آمَد از حَقّ سُوْیِ مُوسَی این عِتاب
کای طُلوعِ ماه دیده، تو زِ جِیب
Translation:
A rebuke came from the Divine to Moses:
“O you whose eyes have beheld the rising moon from the hem (of the Unseen)!”
Explanation:
God addresses Moses with affection and grandeur, reminding him of the privilege of witnessing divine glory—ṭulūʿ-i māh is a metaphor for spiritual illumination, the “moon” rising from the unseen hem of reality (jīb). Yet the praise is the prelude to correction.
Translation:
“I made you shine with the light of Divinity,
Yet I, the Truth, have fallen ill—and you did not come.”
Explanation:
The paradox is deliberate: God, al-Ḥaqq, says “I have fallen ill.” This is the language of divine intimacy, hinting at the ḥadīth qudsī: “I was sick, and you did not visit Me,” where God identifies with the condition of His servant.
Translation:
Moses said, “Glory be to You! You are far above all harm.
What mystery is this? Reveal it to me, my Lord.”
Explanation:
Moses’ theological instinct protests—God is free from defect. The Prophet seeks to understand the ramz (hidden sign) behind such words. Rumi is careful to show that questioning God here is not doubt, but the seeking of wisdom
Translation:
The Divine replied again: “I am in affliction,
Because you did not inquire after Me in kindness
Explanation:
The Divine brings the rebuke into focus: Moses’ lapse was a failure of compassion—he did not check on one in distress. The “I” is still veiled; the full identification will follow.
Translation:
Moses said, “My Lord, You suffer no deficiency.

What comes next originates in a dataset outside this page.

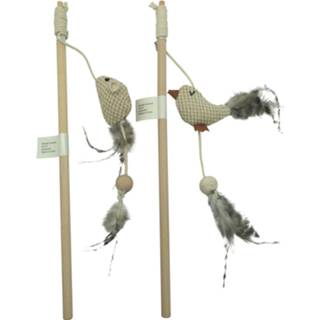 Adori Hengel Natural - Kattenspeelgoed - 36 cm Assorti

My reason falters—unfold this saying for me.”
Explanation:
Even after repetition, the mystery remains: how can the Perfect say “I am ill”? Moses acknowledges his bewilderment and asks for disclosure—a key Sufi posture: ʿaql yields to kashf (unveiling).
Translation:
God said, “Yes—one of My specially chosen servants
Has fallen ill. That servant is Me—look carefully and see.”
Explanation:
Here the veil lifts: to wound a friend of God is to wound God; to comfort him is to comfort God. The saint is the locus (maẓhar) of divine presence.
Translation:
“His feeling weak is My weakness;
His sickness is My sickness.”
Explanation:
This is radical empathy: God fully identifies with His saint’s state. In Sufi theology, walāyah (sainthood) is a form of divine self-disclosure—honor or neglect of the saint is honor or neglect of God.
Translation:
“Whoever wishes to sit in the company of God
Must sit in the presence of His friends.”
Explanation:
The practical conclusion: God’s companionship is accessed through the company of His awliyāʾ. This is an echo of prophetic tradition: “The saints of God are those who, when seen, remind you of God.”
Translation:
“If you turn away from the presence of the saints,
You are ruined, for you are a part cut off from the Whole.”
Explanation:
The metaphor of part and whole (juzw/kull) frames spiritual community as an organism: to sever from it is to perish.
Translation:
“Whoever the demon draws away from the generous ones
Is left forsaken—and the demon devours his head.”
Explanation:
Isolation from the spiritually generous leaves the seeker prey to destructive forces (dīv), here imagined with the stark image of head-devouring—total ruin.
Translation:
“To withdraw even for a moment from the assembly of the devoted—
That is the demon’s trick; hear this and understand well.”
Explanation:
Rumi ends with a sharp warning: separation from the circle of God’s friends, even briefly, is spiritual danger. The counsel is both mystical (about presence) and practical (about solidarity).
Thematic takeaway
Rumi
reframes compassion as a mystical covenant: visiting the sick, aiding
the distressed, keeping company with the righteous—all are direct
encounters with God. The parable binds theology and ethics: the saint’s
body becomes the theater of divine presence, and community with the
awliyāʾ becomes the very “company of God.”